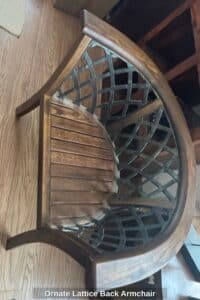 Ornate-Lattice-Back-Armchair-third-image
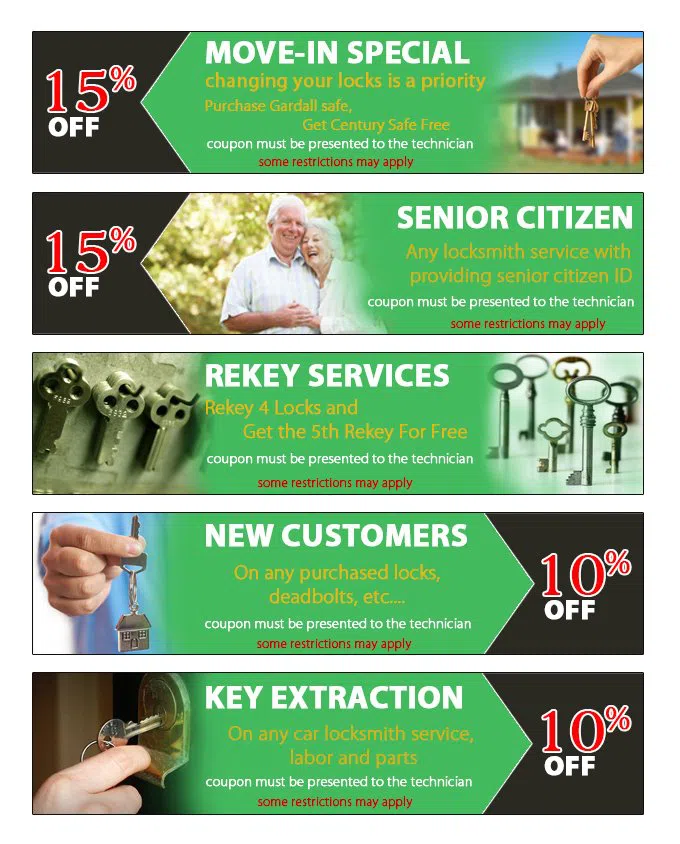 Lock Safe Services Miami, FL 305-307-5764 - coupon23-set-five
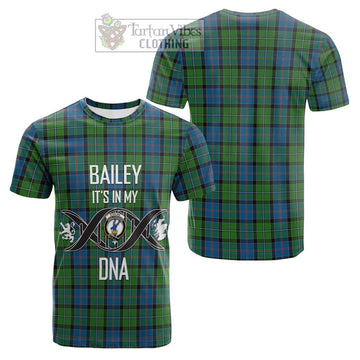 Tartan Vibes Clothing Stirling Tartan Cotton T-shirt with Family Crest DNA In Me Style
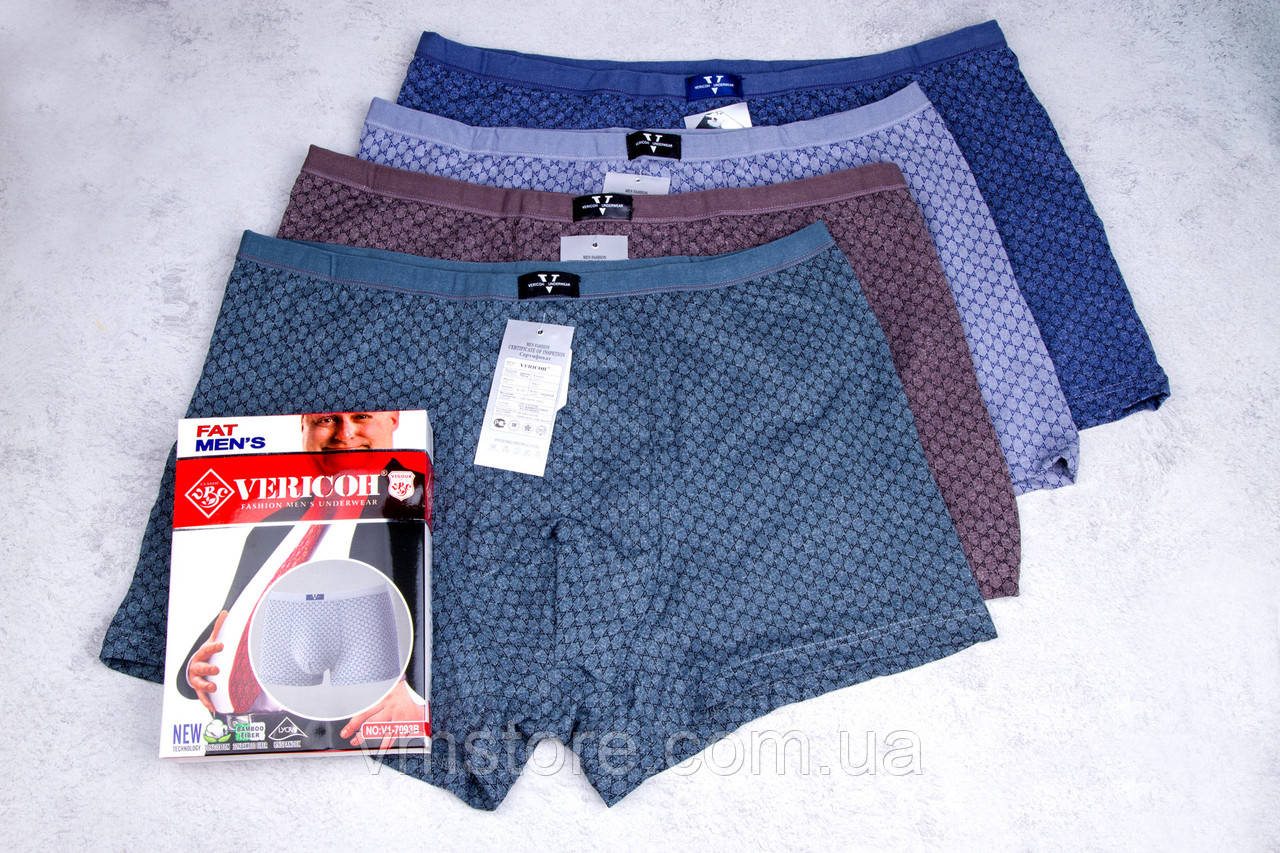 Труси чоловічі боксери, батали, чоловіча білизна, великі розміри, розмір 5XL, фото 1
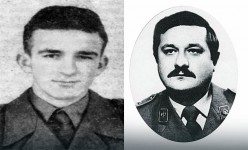 Војник Стојадин Мирковић и мајор Милан Тепић Фото: Блиц / Приватна архива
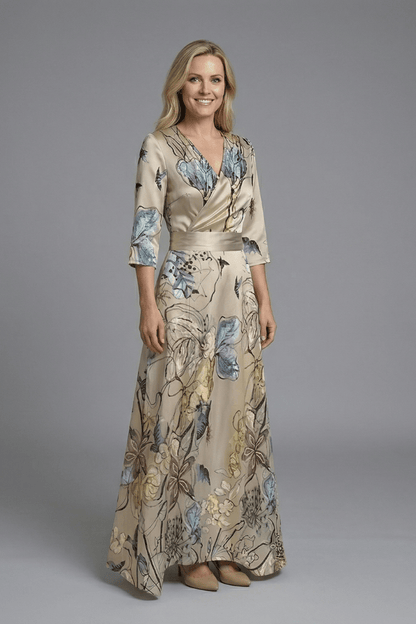 Grace | Floral Wrap Maxi Dress Women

###

**Directions for this task**
What is needed is a word-for-word transcription of all the entries, with the pictures dropped.

**Exercise solution**
 Ornate-Lattice-Back-Armchair-third-image
 Lock Safe Services Miami, FL 305-307-5764 - coupon23-set-five
 Tartan Vibes Clothing Stirling Tartan Cotton T-shirt with Family Crest DNA In Me Style
 Труси чоловічі боксери, батали, чоловіча білизна, великі розміри, розмір 5XL, фото 1
 Војник Стојадин Мирковић и мајор Милан Тепић Фото: Блиц / Приватна архива
 Grace | Floral Wrap Maxi Dress Women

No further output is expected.